Je suis né le 30 mars 1992 à Paris. Mon prénom, c’est ma mère qui l’a choisi, car elle était sensible à l’opéra Boris Godounov. Mais, Boris Wolkoff – les Russes l’écrivent Volkov -, c’est aussi le nom de mon arrière-grand-père… J’ai fait ma scolarité parisienne à Saint-Jean-de-Passy. Au collège, on m’avait surnommé Camarade Boris : pas banal pour un Russe blanc.

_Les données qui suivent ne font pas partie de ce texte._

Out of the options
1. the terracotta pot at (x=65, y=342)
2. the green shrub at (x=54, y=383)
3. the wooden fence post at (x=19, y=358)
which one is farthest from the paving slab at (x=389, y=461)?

Peintre équestre, testament et voyage initiatique

Dès l’école primaire, je me suis passionné pour l’histoire. Ça a commencé avec Napoléon. Puis, je suis tombé sur la Révolution russe. Je n’en ai pas parlé tout de suite avec mes grands-parents. Quant à mon père, il faisait un rejet absolu de cette période. Mais je pense qu’il était content que je m’informe sur ce passé. Ce qui a servi de déclic pour partir faire un voyage en Russie ? Un livre consacré au peintre équestre Nicolas Swertschkoff, offert par ma marraine le jour de mes 17 ans. Et pour cause : en ouvrant l’ouvrage au hasard des pages, je suis tombé sur un tableau représentant mon arrière-grand-père sur un cheval. C’était incroyable. Et ce d’autant que ce portrait est accroché au Musée de la Cavalerie à Moscou. A cela s’ajoute un testament que nous avons découvert, suite au décès d’une tante, selon lequel ma famille possédait des  biens immobiliers à Saint-Pétersbourg… Il fallait partir voir tout ça.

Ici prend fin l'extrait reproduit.